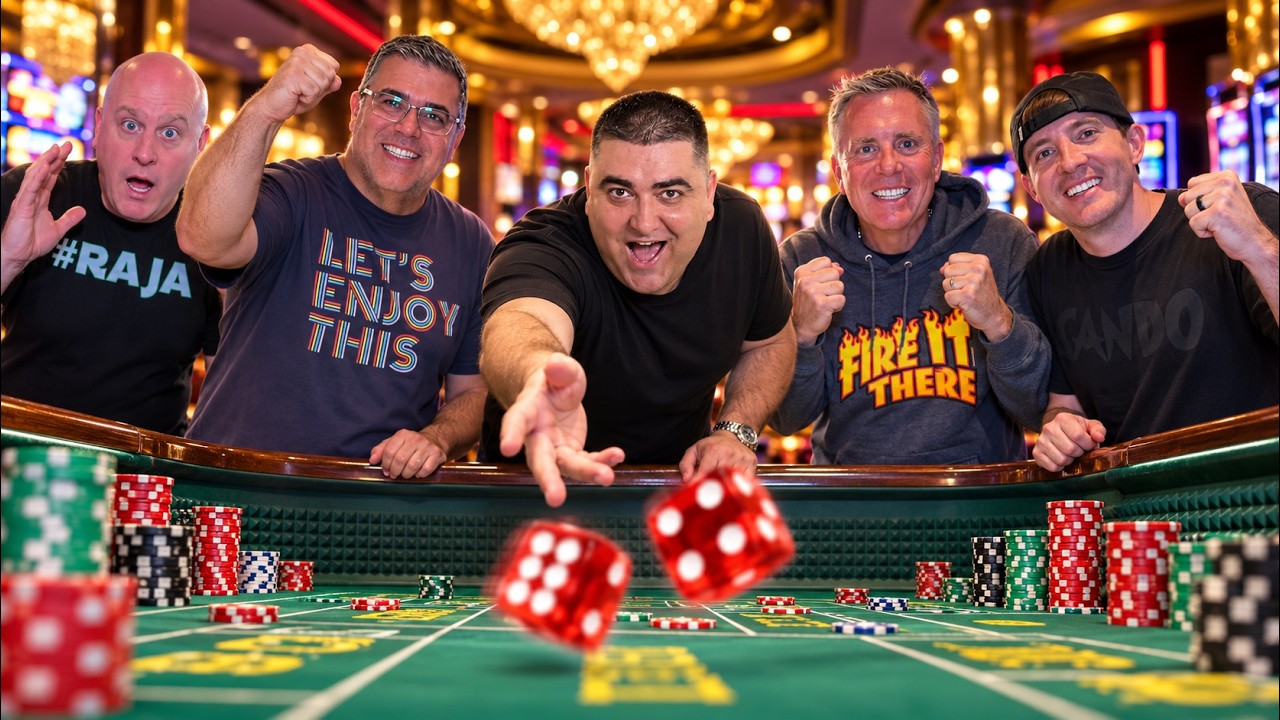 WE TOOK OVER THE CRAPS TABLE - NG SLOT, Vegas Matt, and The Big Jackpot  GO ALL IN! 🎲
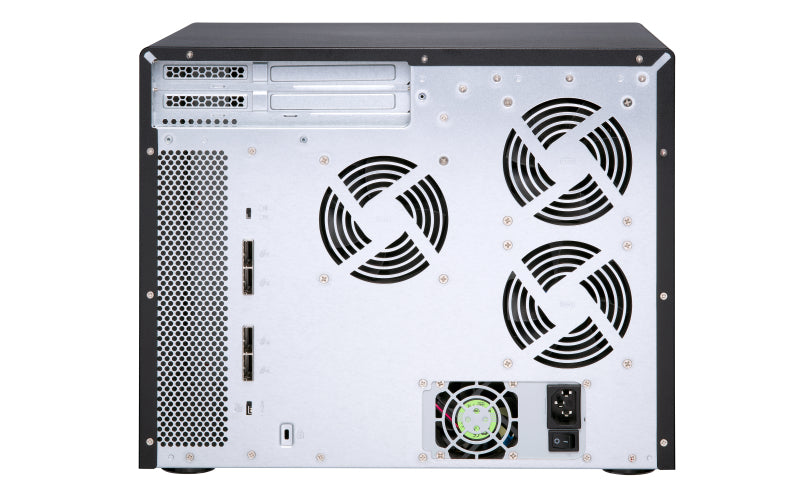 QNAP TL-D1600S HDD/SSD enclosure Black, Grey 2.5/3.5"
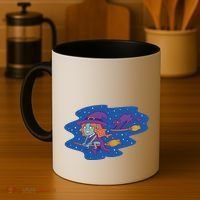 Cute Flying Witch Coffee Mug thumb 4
────────────────────────────────────────
• **Your objective**
Each line of the material needs to be given again exactly, without any of its pictures.

• **Response**
 WE TOOK OVER THE CRAPS TABLE - NG SLOT, Vegas Matt, and The Big Jackpot  GO ALL IN! 🎲
 QNAP TL-D1600S HDD/SSD enclosure Black, Grey 2.5/3.5"
 Cute Flying Witch Coffee Mug thumb 4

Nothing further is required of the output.